Eccola Palmarola, la più bella e selvaggia delle isole Pontine, santuario della natura a neppure cento chilometri da Roma. Talmente luogo d'incanto che pian piano, da scoglio della solitudine, appendice di quegli abitanti della vicina Ponza che da sempre l'hanno eletta loro buon ritiro, rifugio dalla “pazza folla” della loro “convulsa” isola, la Regione Lazio pensa di farne oggi un autentico santuario del mare, un luogo protetto con una legge ancor più speciale di quelle che regolano i parchi marini.

Il perché è presto detto: anche in quest'isoletta deserta e meravigliosa, battuta estate e inverno dal mare del largo, aperta a tutti i venti, appaiono ogni anno sempre più insistenti e inequivocabili i segni di una piccola ma costante colonizzazione, una cementificazione silenziosa che ha di fatto già trasformato la bella rada detta del “francese”, in un piccolo borghetto di case bianche, ben visibile dal cielo e dal mare.

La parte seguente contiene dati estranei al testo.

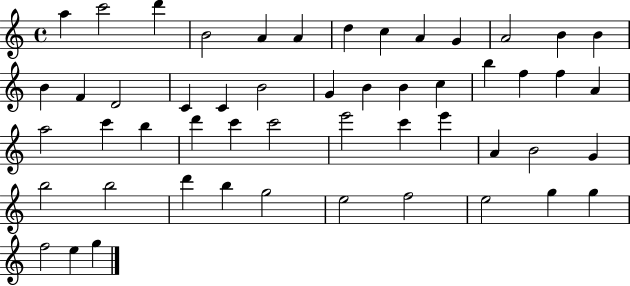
{
  \clef treble
  \time 4/4
  \defaultTimeSignature
  \key c \major
  a''4 c'''2 d'''4 | b'2 a'4 a'4 | d''4 c''4 a'4 g'4 | a'2 b'4 b'4 | \break b'4 f'4 d'2 | c'4 c'4 b'2 | g'4 b'4 b'4 c''4 | b''4 f''4 f''4 a'4 | \break a''2 c'''4 b''4 | d'''4 c'''4 c'''2 | e'''2 c'''4 e'''4 | a'4 b'2 g'4 | \break b''2 b''2 | d'''4 b''4 g''2 | e''2 f''2 | e''2 g''4 g''4 | \break f''2 e''4 g''4 | \bar "|."
}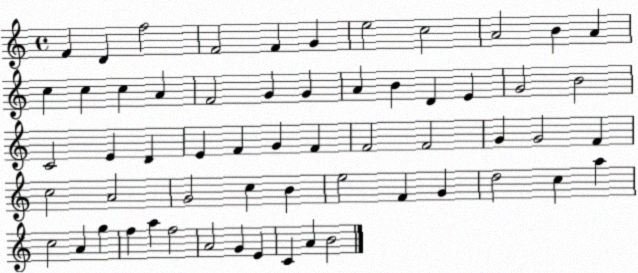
X:1
T:Untitled
M:4/4
L:1/4
K:C
F D f2 F2 F G e2 c2 A2 B A c c c A F2 G G A B D E G2 B2 C2 E D E F G F F2 F2 G G2 F c2 A2 G2 c B e2 F G d2 c a c2 A g f a f2 A2 G E C A B2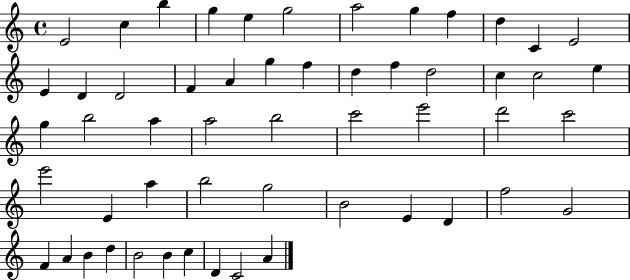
E4/h C5/q B5/q G5/q E5/q G5/h A5/h G5/q F5/q D5/q C4/q E4/h E4/q D4/q D4/h F4/q A4/q G5/q F5/q D5/q F5/q D5/h C5/q C5/h E5/q G5/q B5/h A5/q A5/h B5/h C6/h E6/h D6/h C6/h E6/h E4/q A5/q B5/h G5/h B4/h E4/q D4/q F5/h G4/h F4/q A4/q B4/q D5/q B4/h B4/q C5/q D4/q C4/h A4/q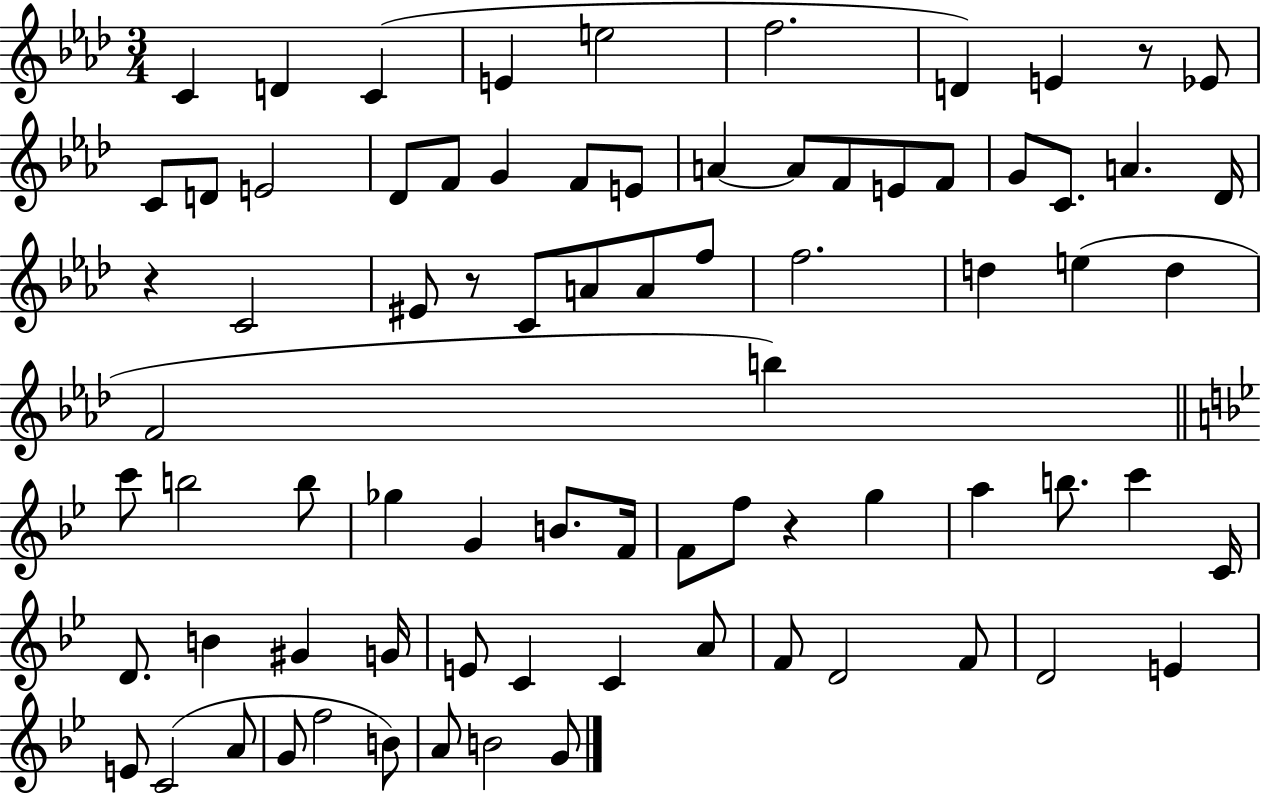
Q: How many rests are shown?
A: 4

Difendiamola, allora, indignamoci, perchè altri nuovi muri e tetti innalzati per la miseria del benessere di un paio di settimane d'agosto per poche persone, non possono in nessun caso valere il patrimonio di natura di tutti, l'inestimabile bene comune. Palmarola dista soltanto sei miglia di mare dalla sempre più frequentatissima Ponza, meta obbligata del turismo “à la page”, che d'estate la trasforma in una rumorosa passerella di motoscafi, minigonne, abbronzature e creme, ritrovo della mondanità più ostentata.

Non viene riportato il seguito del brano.